China finds over 2,000 companies fail to follow pollution rules

Government pledges to push stricter rules on environment amid economic growth

Nearly 2,000 Chinese enterprises were found to be in violation of state pollution guidelines following a nationwide inspection campaign covering 25,000 industrial firms, the environment ministry said on Thursday.

With the environment identified as one of the government's top priorities after years of unfettered economic growth, Beijing has promised to enhance its powers to monitor and punish industries accused of ignoring state regulations. 

Beijing has struggled to make local governments and industries comply with laws, and has long been criticized for relying on national campaigns to bring industrial sectors like coal, steel or rare earth to heel. Illegal behavior often resumes once government inspectors have departed.

The Ministry of Environmental Protection (MEP) has targeted firms that fail to install pollution-control technology or provide fraudulent emissions data to try to avoid punishment.

In a notice posted on its website on Thursday, it said a three-month inspection campaign beginning last November revealed that 1,888 industrial enterprises had failed to comply with pollution rules. A total of 2,185 industrial sites had failed to meet required emission standards.

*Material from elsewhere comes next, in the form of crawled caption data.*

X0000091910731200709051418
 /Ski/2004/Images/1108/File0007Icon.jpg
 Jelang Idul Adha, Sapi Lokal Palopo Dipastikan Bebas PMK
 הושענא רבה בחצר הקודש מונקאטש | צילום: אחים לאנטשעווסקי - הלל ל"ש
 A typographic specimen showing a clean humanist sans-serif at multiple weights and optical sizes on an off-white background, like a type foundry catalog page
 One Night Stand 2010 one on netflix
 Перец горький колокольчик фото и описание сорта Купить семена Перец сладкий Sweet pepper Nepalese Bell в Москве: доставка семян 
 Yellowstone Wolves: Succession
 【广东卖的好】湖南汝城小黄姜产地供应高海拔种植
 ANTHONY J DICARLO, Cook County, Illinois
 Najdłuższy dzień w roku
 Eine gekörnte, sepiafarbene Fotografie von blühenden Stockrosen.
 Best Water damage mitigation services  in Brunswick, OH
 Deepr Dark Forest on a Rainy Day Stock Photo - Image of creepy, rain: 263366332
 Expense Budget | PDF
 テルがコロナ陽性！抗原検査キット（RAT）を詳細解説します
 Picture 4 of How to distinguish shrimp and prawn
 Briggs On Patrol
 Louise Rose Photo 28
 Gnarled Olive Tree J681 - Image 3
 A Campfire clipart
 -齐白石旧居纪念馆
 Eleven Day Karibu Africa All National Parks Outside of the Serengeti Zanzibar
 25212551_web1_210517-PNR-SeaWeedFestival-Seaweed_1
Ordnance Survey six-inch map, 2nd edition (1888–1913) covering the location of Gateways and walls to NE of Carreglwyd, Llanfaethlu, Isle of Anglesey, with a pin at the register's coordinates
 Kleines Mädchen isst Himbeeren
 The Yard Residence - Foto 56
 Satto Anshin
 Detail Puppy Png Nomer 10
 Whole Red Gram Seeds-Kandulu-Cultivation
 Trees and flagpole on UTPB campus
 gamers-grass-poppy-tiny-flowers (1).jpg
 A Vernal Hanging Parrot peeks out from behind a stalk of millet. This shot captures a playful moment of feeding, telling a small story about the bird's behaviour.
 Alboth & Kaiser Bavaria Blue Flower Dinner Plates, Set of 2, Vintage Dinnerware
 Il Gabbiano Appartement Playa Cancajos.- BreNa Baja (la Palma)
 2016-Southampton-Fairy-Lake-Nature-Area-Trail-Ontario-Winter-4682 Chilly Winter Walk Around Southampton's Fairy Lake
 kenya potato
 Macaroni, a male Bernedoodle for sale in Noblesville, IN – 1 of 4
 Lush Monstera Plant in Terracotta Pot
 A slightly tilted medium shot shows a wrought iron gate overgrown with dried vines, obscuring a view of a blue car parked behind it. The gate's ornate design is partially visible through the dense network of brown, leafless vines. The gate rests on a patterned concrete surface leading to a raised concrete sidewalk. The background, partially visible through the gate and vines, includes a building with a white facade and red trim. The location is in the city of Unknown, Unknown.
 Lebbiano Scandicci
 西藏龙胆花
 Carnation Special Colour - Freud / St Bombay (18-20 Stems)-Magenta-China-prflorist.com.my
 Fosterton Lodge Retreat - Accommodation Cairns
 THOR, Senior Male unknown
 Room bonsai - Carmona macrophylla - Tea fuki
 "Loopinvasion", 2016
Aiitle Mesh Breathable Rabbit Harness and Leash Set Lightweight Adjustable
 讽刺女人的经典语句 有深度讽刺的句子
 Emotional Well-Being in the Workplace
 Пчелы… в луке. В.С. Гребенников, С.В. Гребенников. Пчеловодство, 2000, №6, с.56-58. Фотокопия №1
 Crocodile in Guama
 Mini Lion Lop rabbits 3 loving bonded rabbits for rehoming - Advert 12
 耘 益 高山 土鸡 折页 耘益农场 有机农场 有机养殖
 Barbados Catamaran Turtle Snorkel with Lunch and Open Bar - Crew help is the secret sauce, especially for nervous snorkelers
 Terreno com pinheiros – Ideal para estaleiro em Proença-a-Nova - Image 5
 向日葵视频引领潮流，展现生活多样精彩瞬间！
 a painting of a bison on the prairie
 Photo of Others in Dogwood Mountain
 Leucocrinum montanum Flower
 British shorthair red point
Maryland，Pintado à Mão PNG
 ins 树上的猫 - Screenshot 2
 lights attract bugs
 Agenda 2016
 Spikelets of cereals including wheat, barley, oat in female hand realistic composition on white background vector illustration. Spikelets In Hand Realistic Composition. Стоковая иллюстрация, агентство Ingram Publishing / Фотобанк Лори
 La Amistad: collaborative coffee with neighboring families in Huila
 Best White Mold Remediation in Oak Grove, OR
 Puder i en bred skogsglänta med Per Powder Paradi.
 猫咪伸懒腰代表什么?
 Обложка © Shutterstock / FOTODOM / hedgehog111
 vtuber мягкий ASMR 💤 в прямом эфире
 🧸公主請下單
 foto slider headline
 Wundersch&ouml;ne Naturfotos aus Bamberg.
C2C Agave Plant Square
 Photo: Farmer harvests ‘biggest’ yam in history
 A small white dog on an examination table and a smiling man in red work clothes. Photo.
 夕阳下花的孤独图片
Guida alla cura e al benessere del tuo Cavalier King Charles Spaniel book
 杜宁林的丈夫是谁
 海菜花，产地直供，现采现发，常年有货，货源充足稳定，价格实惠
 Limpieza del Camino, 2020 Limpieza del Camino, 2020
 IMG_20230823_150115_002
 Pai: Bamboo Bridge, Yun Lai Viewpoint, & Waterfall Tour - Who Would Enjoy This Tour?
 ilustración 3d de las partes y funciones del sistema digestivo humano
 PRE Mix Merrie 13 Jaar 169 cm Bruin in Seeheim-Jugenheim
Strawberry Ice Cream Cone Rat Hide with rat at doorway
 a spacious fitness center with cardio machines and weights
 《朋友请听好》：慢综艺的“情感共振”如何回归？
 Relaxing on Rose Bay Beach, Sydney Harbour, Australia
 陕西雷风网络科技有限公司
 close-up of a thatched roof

Another inspection was launched in February in six northern Chinese regions, the ministry said, and found environmental problems at 384 of 563 enterprises.

A March follow-up inspection of 198 offenders showed that 29 had stopped operations, while most of the remainder were rectifying their problems, the ministry said.

Several steel firms, including a unit of Hebei Iron and Steel Group, China’s largest steel producer, had failed for a time to install proper desulphurization equipment, but had rectified the problem.

Past monitoring failures had allowed dozens of enterprises to provide fraudulent data to authorities in order to avoid punishment and obtain clean energy subsidies.

The ministry is trying to improve enforcement by establishing real-time monitoring systems that will give government regulators direct access to pollution data. It said it planned to invest $6.45 billion over the 2011 to 2015 period to boost monitoring capacity.

In April, the government launched a new health warning system so authorities could order factories to either cut or halt production and tell people to stay indoors when pollution reached specific levels.